● TASK STATEMENT: Would you repeat each line below exactly, without the pictures?

● GIVEN DATA:
———
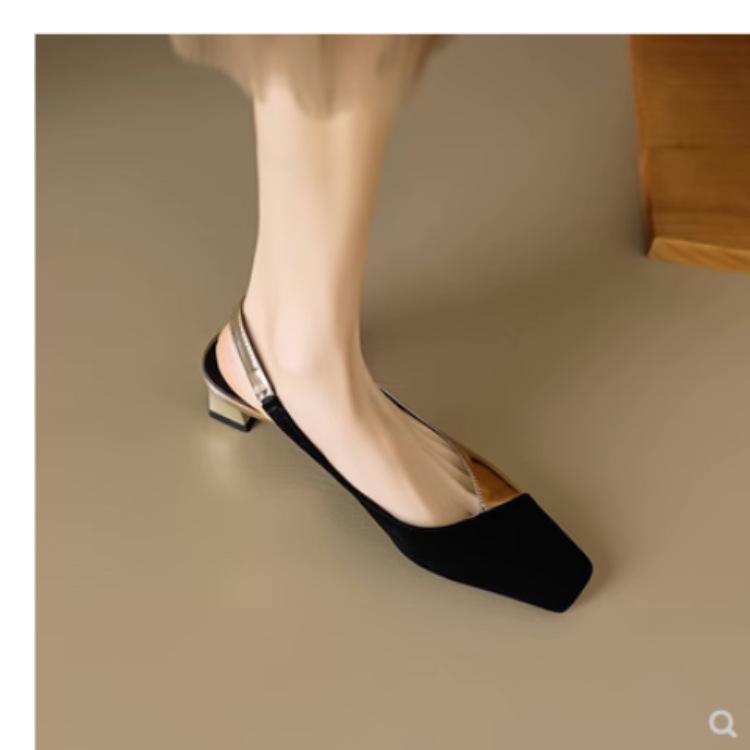 Women Square Toe Sandals Black Toe Patchwork Pumps Gold Sliver Slingbacks Mid Heels Summer Female Dress Shoes Plus Size 41 1363N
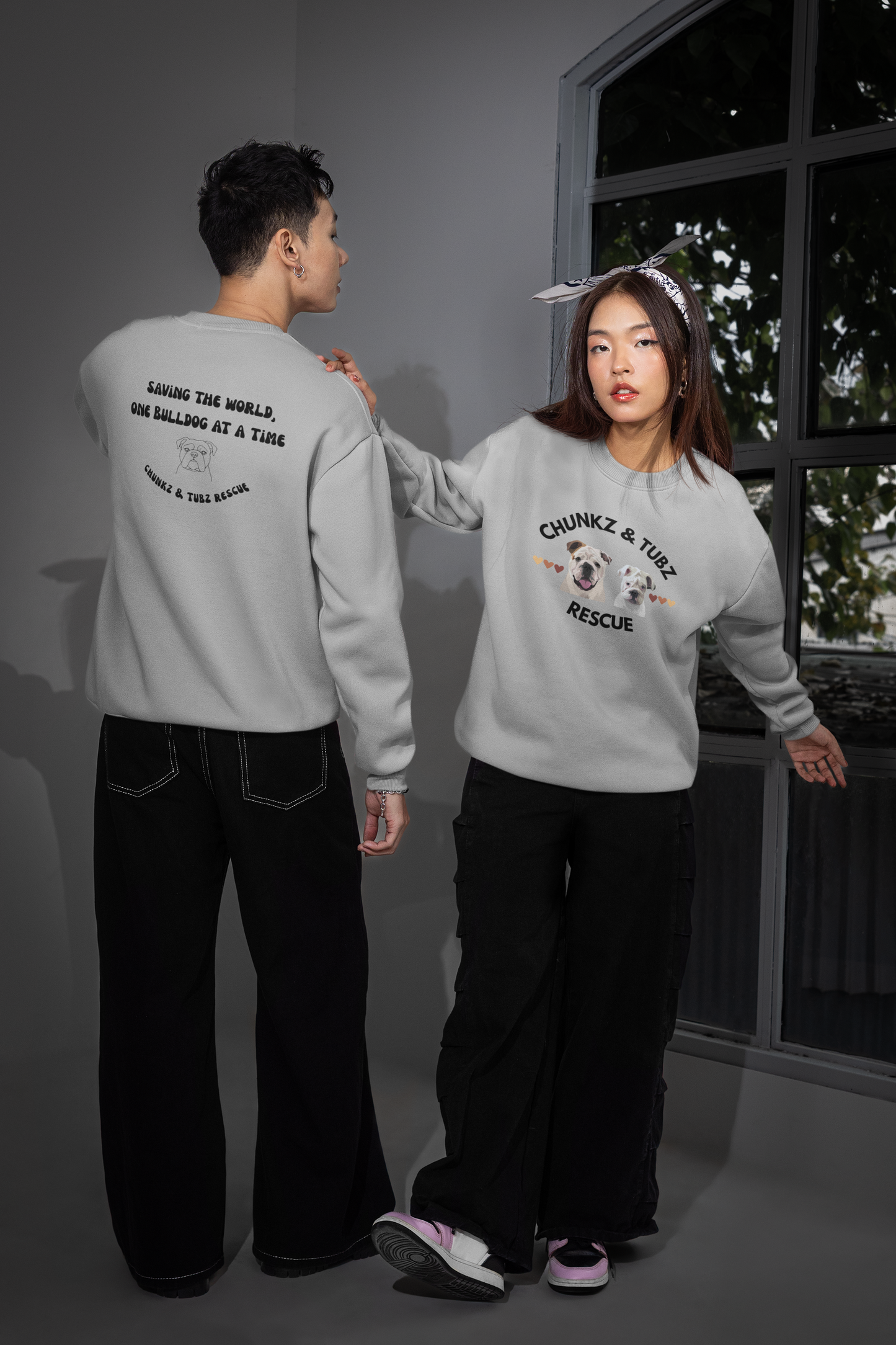Chunkz & Tubz Rescue Sweatshirt —Large Logo Crewneck Sweatshirt - Ruff Life Rescue Wear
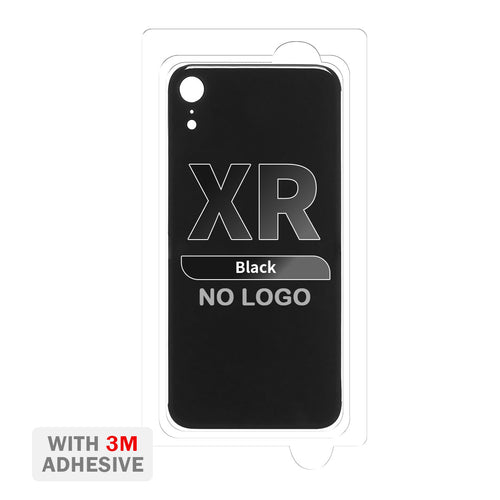 Back Cover Glass with Adhesive for iPhone XR (No Logo & Big Camera Hole) - Black
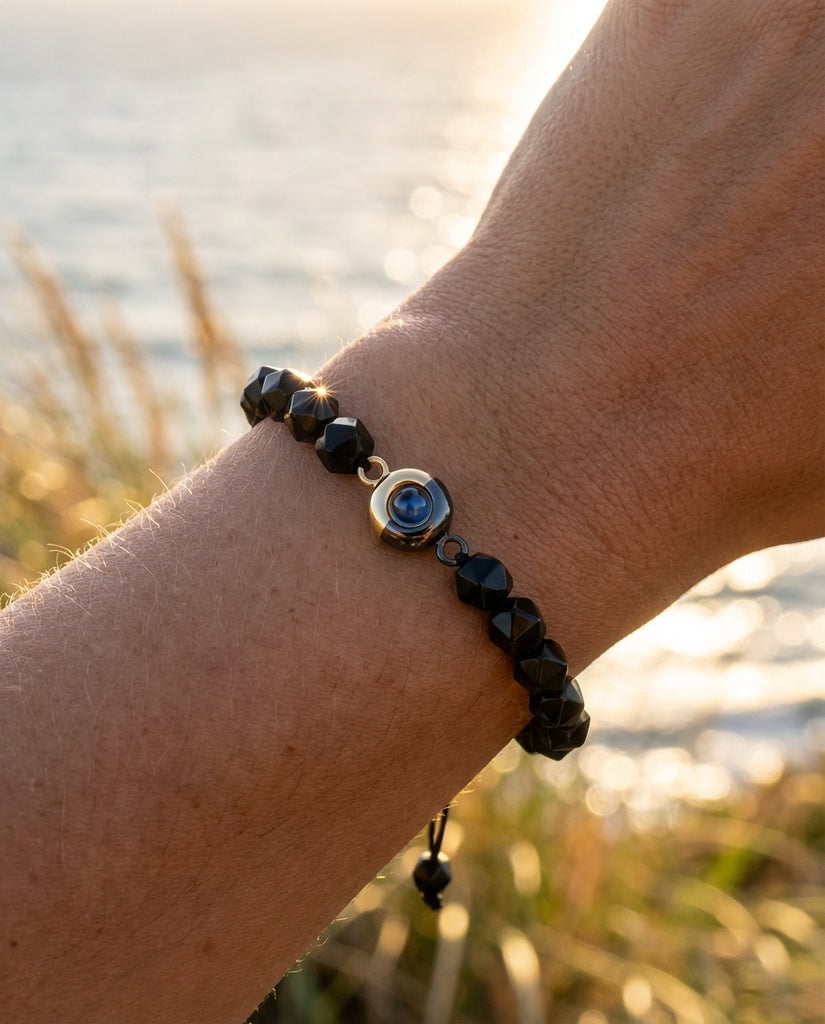 Personalised Obsidian Photo Projection Bracelet - Black Bead Picture Keeper IfShe UK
———
● RESULT OF THIS EXERCISE:
 Women Square Toe Sandals Black Toe Patchwork Pumps Gold Sliver Slingbacks Mid Heels Summer Female Dress Shoes Plus Size 41 1363N
Chunkz & Tubz Rescue Sweatshirt —Large Logo Crewneck Sweatshirt - Ruff Life Rescue Wear
 Back Cover Glass with Adhesive for iPhone XR (No Logo & Big Camera Hole) - Black
 Personalised Obsidian Photo Projection Bracelet - Black Bead Picture Keeper IfShe UK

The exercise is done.